Loading only new table rows from JDBC sources
For JDBC loads, customers may need to load only those rows introduced into the source database table since the last load into Qlik Catalog. A new entity property, src.table.new.records.filter.column, allows a customer to specify a table column that is used to identify new rows. Qlik Catalog will automatically build a WHERE-clause and append it to the SQL SELECT statement specified in property src.file.glob.
Logically, this column should be an ever-increasing numeric ID column, found in many tables. A timestamp column like creation_ttz could be used if it was guaranteed to always increase and be unique—duplicate timestamps would be problematic.
Qlik Catalog uses the filter column to build a distribution database profile table query to find the maximum value of the column—once built, the query looks like:
SELECT metric_value FROM "podium_core_func"."x_water_mark_profile"
WHERE field_name = 'myก:กid' AND profile_metric = 'PROFILER_MAX_OBSERVED_VALUE'
The resulting value is used to automatically append a WHERE clause to the src.file.glob value which is used to retrieve data from the source table— like in this example:
SELECT "myก:กid","textdata" FROM "podium_core"."X_WATER_MARK" WHERE "myก:กid" > 2
Each time a load is executed this process is repeated; thereby ensuring only new rows are read from the source database table. To ensure consistent load behavior, the property src.table.new.records.filter.column should be set immediately after the entity is created and no later than before the second load is run.
There are several ways to configure this feature in order to best serve your specific use case. You may want the default behavior where only the new rows are profiled and available to Qlik Sense apps.

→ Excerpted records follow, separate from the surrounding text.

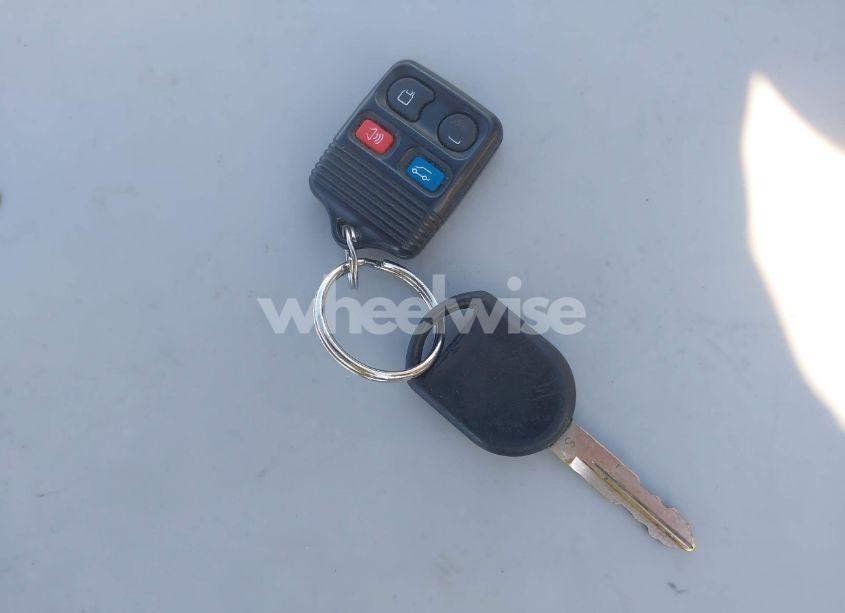 Photo 11 of 2004 Ford Explorer EDDIE BAUER (VIN 1FMDU74KX4UA68312)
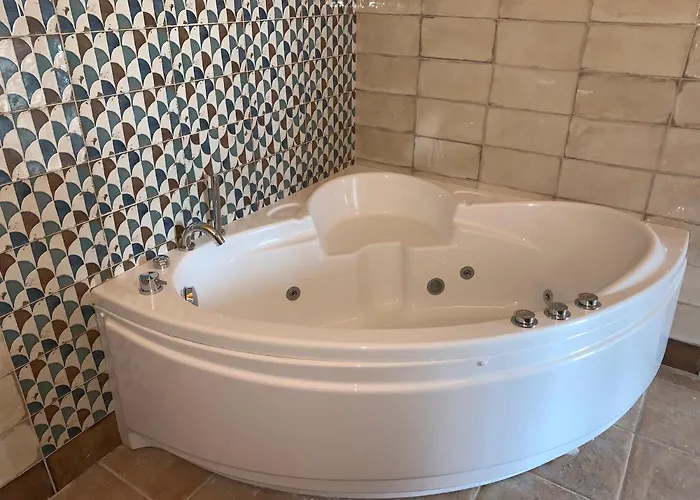 Castillo De De Luis Zueco Hotel *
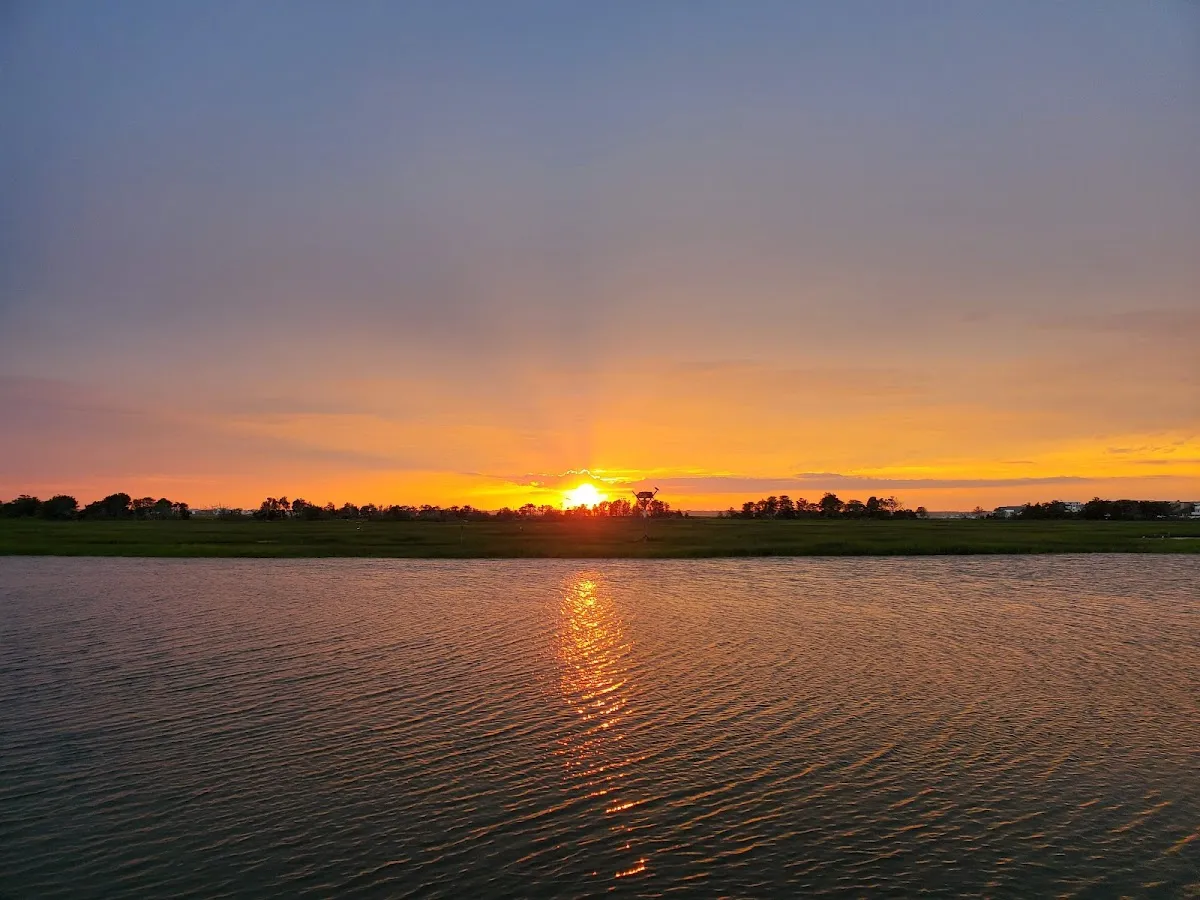 Commodore Bay Marina photo 5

By default, each load is placed in a new partition (where NEW is selected when initiating a load). When querying using Query in the Discover module, or when viewing Profile data, only the newly discovered records are shown and profiled. A query issued is similar to the record selection that occurs during Publish to Qlik Sense. Therefore, only the newly discovered records are available to Qlik Sense apps.
There are two other logical options:
- Query sees all records, Profile data does not: Edit the entity and change it from "Snapshot" to "Incremental" (and then perform a load to apply) – this changes how the distribution database view is built upon each load. A query issued in the Discover module will now see all the records across all the loads, as will a Qlik Sense app. However, Profile data will still only include the most recent new records.
Query and Profile data capture all loaded data: A final option is to always append new load data into one single partition (select APPEND when initiating all loads after the first). Queries issued in the Discover module, as well as Profile data, will now span all loaded data, as each batch of new rows is placed into a single pre-existing partition.